• [WHAT THIS TASK INVOLVES] Should any entry seem unclear, still set it down exactly as given, along with all the others.
════════════════════
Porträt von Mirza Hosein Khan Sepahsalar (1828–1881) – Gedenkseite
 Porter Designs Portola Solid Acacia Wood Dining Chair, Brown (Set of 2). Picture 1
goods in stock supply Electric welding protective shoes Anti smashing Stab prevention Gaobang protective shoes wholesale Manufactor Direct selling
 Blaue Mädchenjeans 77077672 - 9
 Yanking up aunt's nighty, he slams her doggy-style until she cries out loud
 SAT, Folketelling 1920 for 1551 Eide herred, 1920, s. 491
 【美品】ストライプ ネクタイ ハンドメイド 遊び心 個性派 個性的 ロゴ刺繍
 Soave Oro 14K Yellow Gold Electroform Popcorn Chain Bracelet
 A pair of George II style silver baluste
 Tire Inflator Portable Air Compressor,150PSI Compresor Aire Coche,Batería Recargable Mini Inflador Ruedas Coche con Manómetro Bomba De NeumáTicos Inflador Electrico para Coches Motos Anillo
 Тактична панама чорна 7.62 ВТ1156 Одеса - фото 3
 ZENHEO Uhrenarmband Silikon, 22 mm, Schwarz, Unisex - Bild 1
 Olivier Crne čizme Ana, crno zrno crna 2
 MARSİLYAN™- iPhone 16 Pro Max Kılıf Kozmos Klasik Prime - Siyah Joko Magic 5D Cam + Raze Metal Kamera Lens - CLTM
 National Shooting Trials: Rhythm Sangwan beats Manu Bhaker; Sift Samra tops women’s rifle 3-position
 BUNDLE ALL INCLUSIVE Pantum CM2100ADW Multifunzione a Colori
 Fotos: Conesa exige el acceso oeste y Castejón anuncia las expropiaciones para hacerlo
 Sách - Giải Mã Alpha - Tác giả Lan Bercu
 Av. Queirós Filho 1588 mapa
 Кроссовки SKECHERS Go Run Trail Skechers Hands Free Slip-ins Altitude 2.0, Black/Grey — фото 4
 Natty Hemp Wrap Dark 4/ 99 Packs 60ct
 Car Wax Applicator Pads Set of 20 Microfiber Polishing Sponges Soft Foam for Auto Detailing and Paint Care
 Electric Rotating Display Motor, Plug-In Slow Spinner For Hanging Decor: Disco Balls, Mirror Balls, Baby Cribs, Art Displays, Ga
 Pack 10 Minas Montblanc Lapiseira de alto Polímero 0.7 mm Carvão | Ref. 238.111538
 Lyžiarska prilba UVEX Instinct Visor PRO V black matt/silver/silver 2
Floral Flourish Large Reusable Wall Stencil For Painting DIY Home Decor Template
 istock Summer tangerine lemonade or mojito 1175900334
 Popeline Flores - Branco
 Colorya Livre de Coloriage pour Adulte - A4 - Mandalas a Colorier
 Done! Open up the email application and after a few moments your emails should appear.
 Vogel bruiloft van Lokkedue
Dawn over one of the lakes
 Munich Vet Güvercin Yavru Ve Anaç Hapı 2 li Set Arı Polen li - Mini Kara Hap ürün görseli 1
════════════════════
• [RESULT OF THIS TASK]
Porträt von Mirza Hosein Khan Sepahsalar (1828–1881) – Gedenkseite
 Porter Designs Portola Solid Acacia Wood Dining Chair, Brown (Set of 2). Picture 1
goods in stock supply Electric welding protective shoes Anti smashing Stab prevention Gaobang protective shoes wholesale Manufactor Direct selling
 Blaue Mädchenjeans 77077672 - 9
 Yanking up aunt's nighty, he slams her doggy-style until she cries out loud
 SAT, Folketelling 1920 for 1551 Eide herred, 1920, s. 491
 【美品】ストライプ ネクタイ ハンドメイド 遊び心 個性派 個性的 ロゴ刺繍
 Soave Oro 14K Yellow Gold Electroform Popcorn Chain Bracelet
 A pair of George II style silver baluste
 Tire Inflator Portable Air Compressor,150PSI Compresor Aire Coche,Batería Recargable Mini Inflador Ruedas Coche con Manómetro Bomba De NeumáTicos Inflador Electrico para Coches Motos Anillo
 Тактична панама чорна 7.62 ВТ1156 Одеса - фото 3
 ZENHEO Uhrenarmband Silikon, 22 mm, Schwarz, Unisex - Bild 1
 Olivier Crne čizme Ana, crno zrno crna 2
 MARSİLYAN™- iPhone 16 Pro Max Kılıf Kozmos Klasik Prime - Siyah Joko Magic 5D Cam + Raze Metal Kamera Lens - CLTM
 National Shooting Trials: Rhythm Sangwan beats Manu Bhaker; Sift Samra tops women’s rifle 3-position
 BUNDLE ALL INCLUSIVE Pantum CM2100ADW Multifunzione a Colori
 Fotos: Conesa exige el acceso oeste y Castejón anuncia las expropiaciones para hacerlo
 Sách - Giải Mã Alpha - Tác giả Lan Bercu
 Av. Queirós Filho 1588 mapa
 Кроссовки SKECHERS Go Run Trail Skechers Hands Free Slip-ins Altitude 2.0, Black/Grey — фото 4
 Natty Hemp Wrap Dark 4/ 99 Packs 60ct
 Car Wax Applicator Pads Set of 20 Microfiber Polishing Sponges Soft Foam for Auto Detailing and Paint Care
 Electric Rotating Display Motor, Plug-In Slow Spinner For Hanging Decor: Disco Balls, Mirror Balls, Baby Cribs, Art Displays, Ga
 Pack 10 Minas Montblanc Lapiseira de alto Polímero 0.7 mm Carvão | Ref. 238.111538
 Lyžiarska prilba UVEX Instinct Visor PRO V black matt/silver/silver 2
Floral Flourish Large Reusable Wall Stencil For Painting DIY Home Decor Template
 istock Summer tangerine lemonade or mojito 1175900334
 Popeline Flores - Branco
 Colorya Livre de Coloriage pour Adulte - A4 - Mandalas a Colorier
 Done! Open up the email application and after a few moments your emails should appear.
 Vogel bruiloft van Lokkedue
Dawn over one of the lakes
 Munich Vet Güvercin Yavru Ve Anaç Hapı 2 li Set Arı Polen li - Mini Kara Hap ürün görseli 1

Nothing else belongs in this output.